Том 7. Мы и они - [36]
Так вредит живым, молодым, современным душам наша перетлевающая жизнь, везде одинаковая: в семье, на улице, в «храмах науки» и в «храмах искусства». Как будто существует, и ею питаются (ведь надо же есть!), а она только вредна и противна. «Настоящего момента» нет: нет «сегодня» – и мы живем «вчера».

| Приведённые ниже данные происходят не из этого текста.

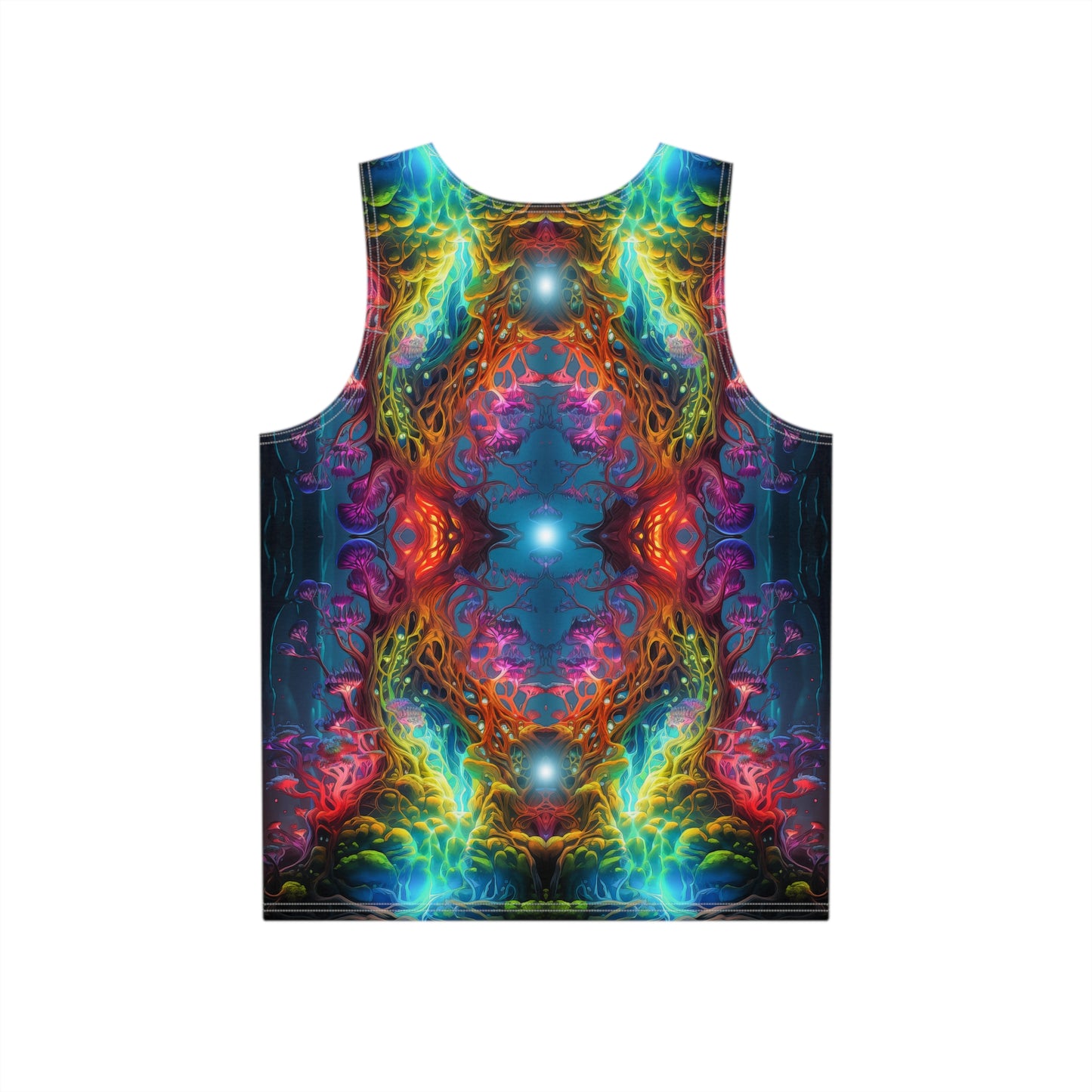 "The Elixir V2" MEN'S TANK TOP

Нет настоящего момента… но ведь, в сущности, «настоящего момента» никогда нет, в природе нет. Настоящее – точка, где соприкасаются и мгновенным узлом сплетаются прошлое и будущее. У нас именно этого узла нет, прошлому не с чем сплестись, оно – одно; у нас нет настоящего потому, что нет, – не видно нам, – будущего. Когда увидим его, поймаем предчувствием, прозрением или желанием, – тогда и пойдут связываться узлы, и родится у нас ощущение нашего настоящего. А будет узел настоящего – будет, вместе с ним, и прошлое, и грядущее. Ведь из них сплетается узел. Имея настоящее, мы имеем все, весь наш путь; умеем не забывать незабвенное и можем надеяться на несказанное. И позади, и рядом, и впереди – Вечное, одно, все то же вечно, и оно всегда цело в созерцании.

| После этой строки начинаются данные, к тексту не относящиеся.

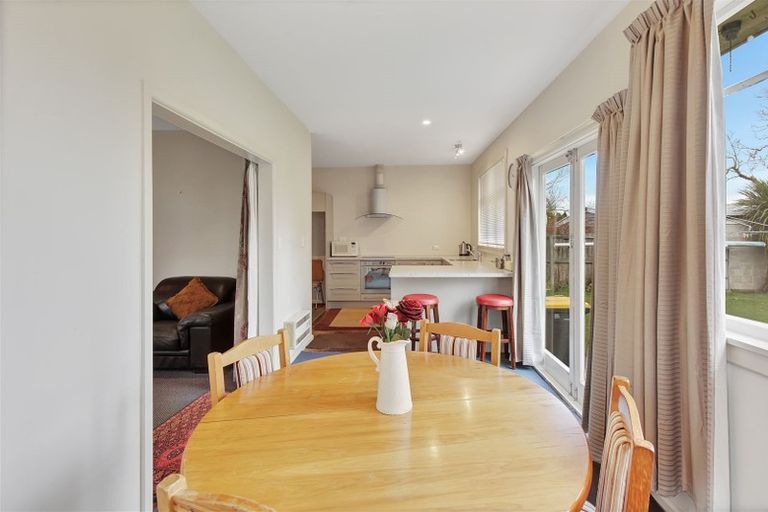 Photo of property in 197 Knowles Street, St Albans, Christchurch, 8052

Искусство вряд ли можно назвать «действием», оно ближе к созерцанию. Оно – пенка жизни, и разливается по всей жизни, прошлой, настоящей и будущей. В искусстве мы не только связываем концы нитей, едва минувшее с едва наступающим, – но мы как бы сразу смотрим на весь путь, хотим иметь его весь, в неразрывности. Искусство должно давать нам вечное на всем протяжении нити, вечное в прошлом – для познания его в будущем, вечное в будущем для утверждения его в прошлом и, наконец, вечный, верный узел настоящего. Я не о «тенденции» говорю (странно даже упоминать об этом), истинное искусство никогда не бывает «тенденциозно» – я говорю о самой сущности искусства. Стремление его (никогда вполне, но всегда более или менее достигаемое) – слить творящего и воспринимающего в едином созерцании, ощущении, может быть – в единой любви. Поэтому настоящее искусство непременно, неизбежно будет правдой, т. е. добром; это ведь синонимы; пусть детский еще ум человека старается разорвать на три части правду-добро-красоту – единое все-таки остается единым.

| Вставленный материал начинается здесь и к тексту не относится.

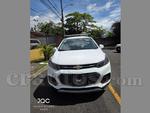Chevrolet Trax LT 2017
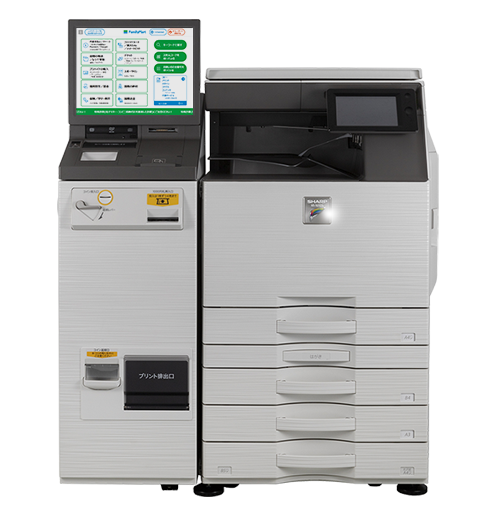 eプリントサービス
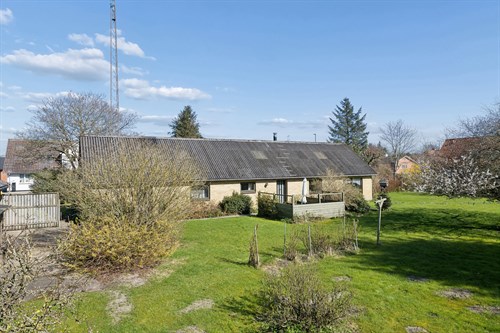 estate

К какому бы роду искусства мы ни обратились, – мы равно требуем, чтобы оно было именно искусством, чтобы в нем наиболее ярко проявилась сущность искусства; стремление соединить многих в одном созерцании вечного. Театральное искусство ставит между творящим и воспринимающим – еще тех, кто воплощают слова в образы; тем лучше; тем выше и ярче может быть радуга; тем больше причастников к единому празднеству. Только бы все они действительно соединились, только бы искусство было действительно искусством, то есть говорило бы о вечном везде – в прошлом и будущем, и говорило бы с сознанием настоящего. Театр теперь – потому и не искусство, что современные «творцы» умеют лишь говорить нам что-то о вчерашнем дне, не отделяя забвенное от нетленного, а воплощающие эти образы – в лучшем случае покоряются автору; в худшем же, и более частом, не обращают на автора никакого внимания. Зрители смотрят, и что получается от этого «искусства» в их душах – трудно вообразить. Вероятно, до души оно и вовсе не доходит. Им иногда «нравится», иногда «не нравится». Вот слово, определение, которому нет места там, где начинается искусство. Искусство или есть – или нет; или что-то – или уж совсем ничего. А мы даже привыкли прибавлять, когда нам «нравится», – именно это печальное слово «ничего». Право, ничего! Совсем ничего! Т. е. «очень нравится!» Ну, значит, ничего и нет.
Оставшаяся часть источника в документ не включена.